Jastrzębski Węgiel znów bez strat w Lidze Mistrzów
Jastrzębski Węgiel kolejny raz pokazał moc w Lidze Mistrzów. Chaumont VB 52 tylko w pierwszym secie było w stanie nawiązać równą walkę z mistrzem Polski.
W pierwszej kolejce Jastrzębski Węgiel pokonał 3:0 Lewskiego Sofia, w żadnym secie nie pozwalając mu zdobyć choćby 20 punktów. Trzecia drużyna ligi francuskiej w na inaugurację przegrała 2:3 z SV Lüneburg, prowadząc już w Niemczech 2:0. Młody zespół Chaumont pokazał, że spory potencjał i bardzo dobrego atakującego. W pierwszej partii Pierre Toledo atakował 10 razy, zdobywając siedem punktów. Jastrzębianie szybko zdobyli kilkupunktową przewagę, lecz nie zdołali jej utrzymać. W końcówce zrobiło się 22:21, po niezbyt udanej podwójnej zmianie.

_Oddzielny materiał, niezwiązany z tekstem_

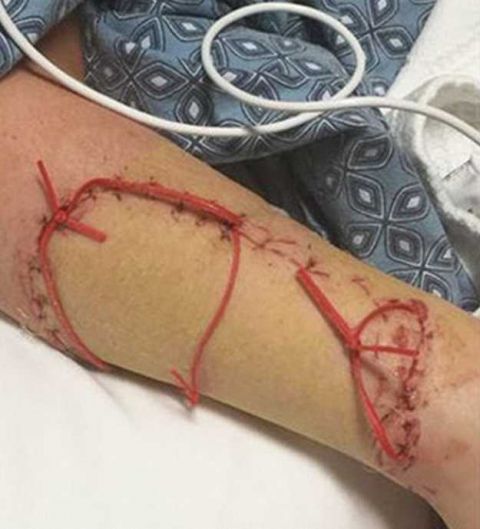 10岁男孩在海中与弟弟玩耍,右臂不慎被鲨鱼咬伤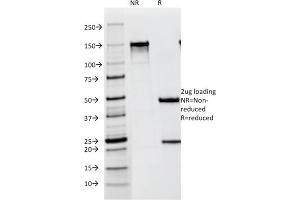 SDS-PAGE Analysis Purified gp100 / Melanosome Mouse Monoclonal Antibody (NKI-beteb). (Melanoma gp100 抗体)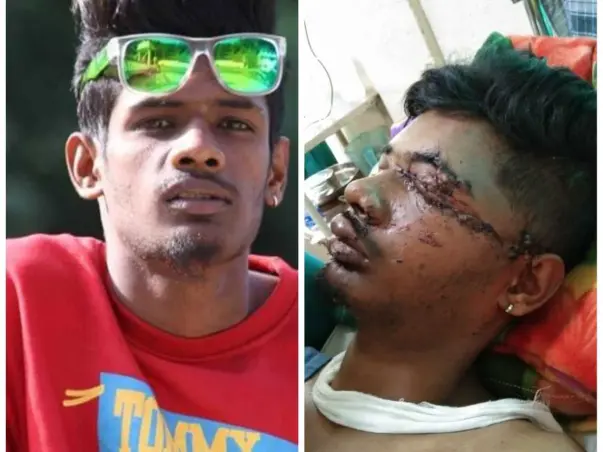Support Sandeep Recover From Accident (Leg Injury)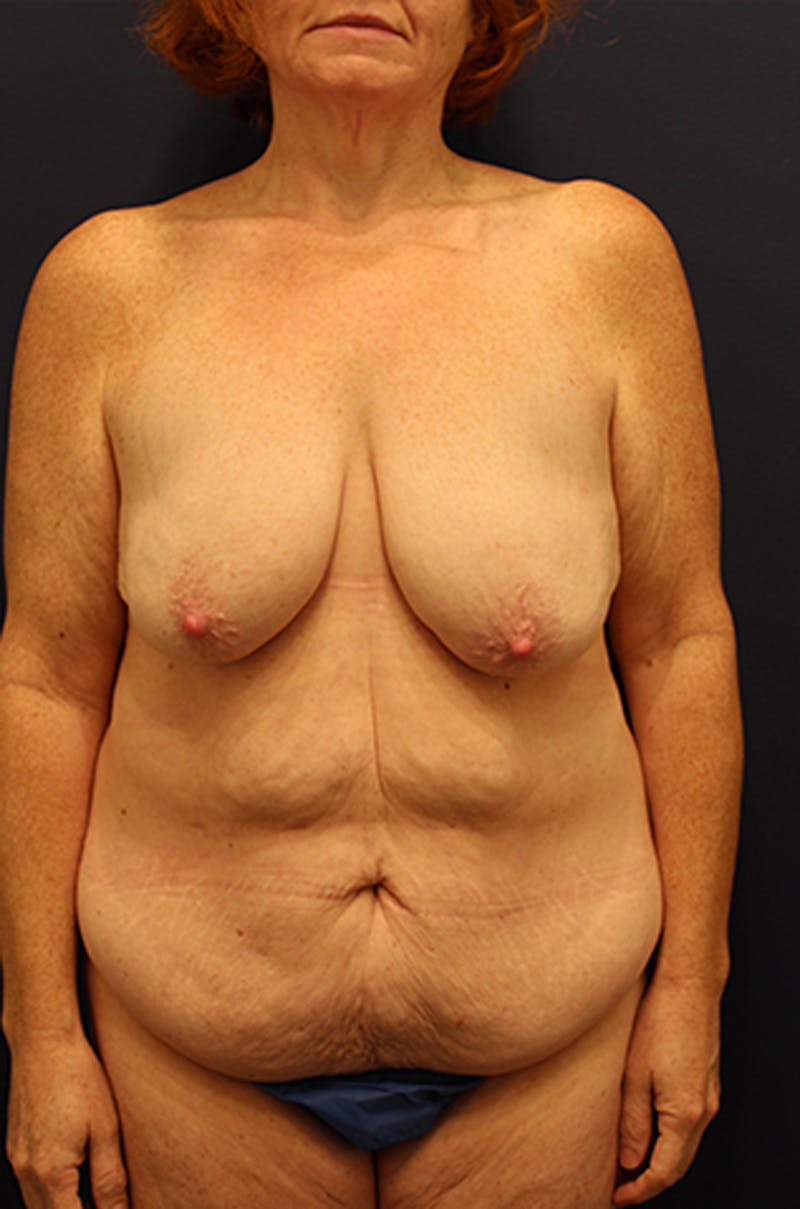 Breast Lift with Augmentation Before & After Gallery - Patient 174149976 - Image 1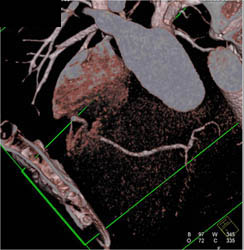 Plaque LAD - CTisus CT Scan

Na boisko wrócili jednak Łukasz Kaczmarek i Benjamin Toniutti, a punkty zdobyte przez Norberta Hubera i Tomasza Fornala zakończyły seta.
Równa gra zakończyła się po kilkunastu akcjach drugiej partii. Jastrzębianom udało się zatrzymać Toleda, a sami nie mogli znaleźć sposobu na świetnego Kaczmarka (71 proc. skuteczności)). Mistrzowie Polski grali spokojnie, świetnie w obronie i skutecznie w kontrach. Toniutti przy dobrym przyjęciu wykorzystywał środkowych lub Fornala z drugiej linii, a gospodarze szybko zwiesili głowy, dlatego zostali rozbici.
I nie podnieśli się do końca spotkania, bo jeśli tylko udawało im się zbliżyć do zespołu z Jastrzębia-Zdroju, to faworyt włączał wyższy bieg. Tak było w trzecim secie, gdy w ważnym momencie asa posłał Arkadiusz Żakieta. Najwięcej emocji było w końcówce, gdy przy stanie 21:18 sędzia podjął decyzję, że libero Chaumont zdołał podbić piłkę, a gdy jastrzębianie chcieli przerwać grę, nie zadziałał system powiadamiania. Protestujący Jakub Popiwczak został ukarany czerwoną kartką. To tylko rozdrażniło siatkarzy Jastrzębskiego Węgla, którzy pozwolili rywalom na zdobycie tylko jednego punktu i zakończyli mecz.
MVP został Fornal, który powiedział, że jego drużyna rozegrała bardzo dobry mecz. Dodał też, że nie chcą popełnić błędu z poprzedniej edycji, kiedy w grupie przegrali z Las Palmas.
W drugim meczu grupy E Lewski przegrał z SV Lüneburg 1:3. W czwartek w Lidze Mistrzów grają PGE Projekt Warszawa (o godz. 18 z ACH Volley w Lublanie) i Aluron CMC Warta Zawiercie (o godz. 20.30 z Knackiem w Roeselare).